Clearly a first-time offender stands a much better chance of a possible reduction than a multiple offender of a DWI, and moreover, the charge can be elevated to a felony if there is a prior DWI conviction in the 10 years prior to receiving the current charge.
If there was any type of motor vehicle accident, particularly one that results in personal injury or a fatality, there will not be any reduction of the charge. Again, if there is a fatality, a felony charge may ensue depending upon the facts and circumstances.
The District Attorney for any particular county within the State may have their own internal policy for a cutoff for BAC level to determine whether the motorist may be entitled to a reduction from the original misdemeanor DWI to a felony. Remember that once it is established that a motorist operated a motor vehicle with a BAC of .18 or higher, the penalties are enhanced and the chances for a reduction are slim.
Other factors to determine whether a motorist will be entitled to a reduction is whether there was a chemical refusal to test the BAC level.
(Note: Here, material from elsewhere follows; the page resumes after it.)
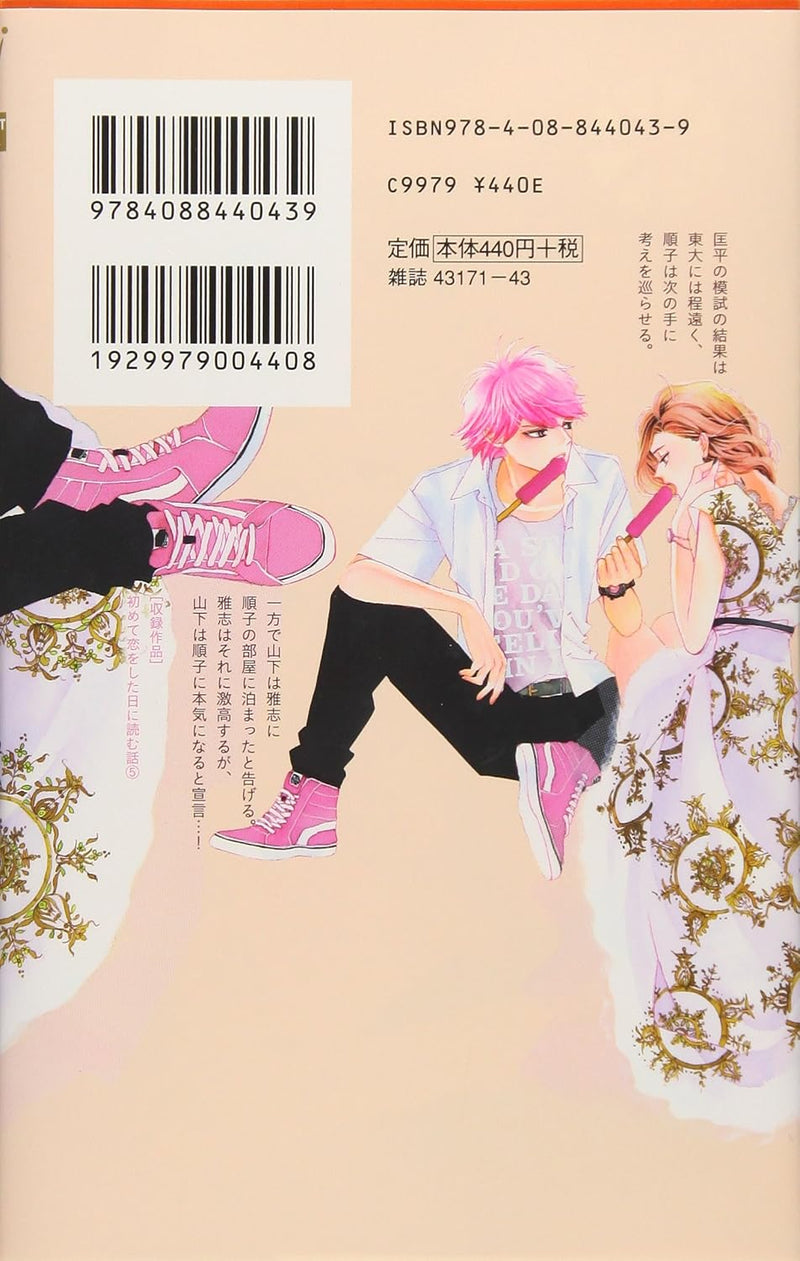 A Story to Read When You First Fall in Love (Hajimete Koi wo Shita Hi ni Yomu Hanashi) 5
Some District Attorney offices frown upon this refusal since when you are driving on public roads, you give your implied consent to have your BAC measured, and if you fail to do so by refusing the chemical test, the DMV takes action against your license in the form of a mandatory one (1) year minimum license revocation, and it is less likely that the DA will entertain a reduction to the misdemeanor DWI charge.
Finally, if there are any other aggravating circumstances pertaining to the DWI incident (in addition to a motor vehicle accident) such as excessive speeding, reckless driving, tailgating, or unsafe lane change, you can essentially negate the chances of getting a reduction to the violation of DWAI per VTL 1192.1.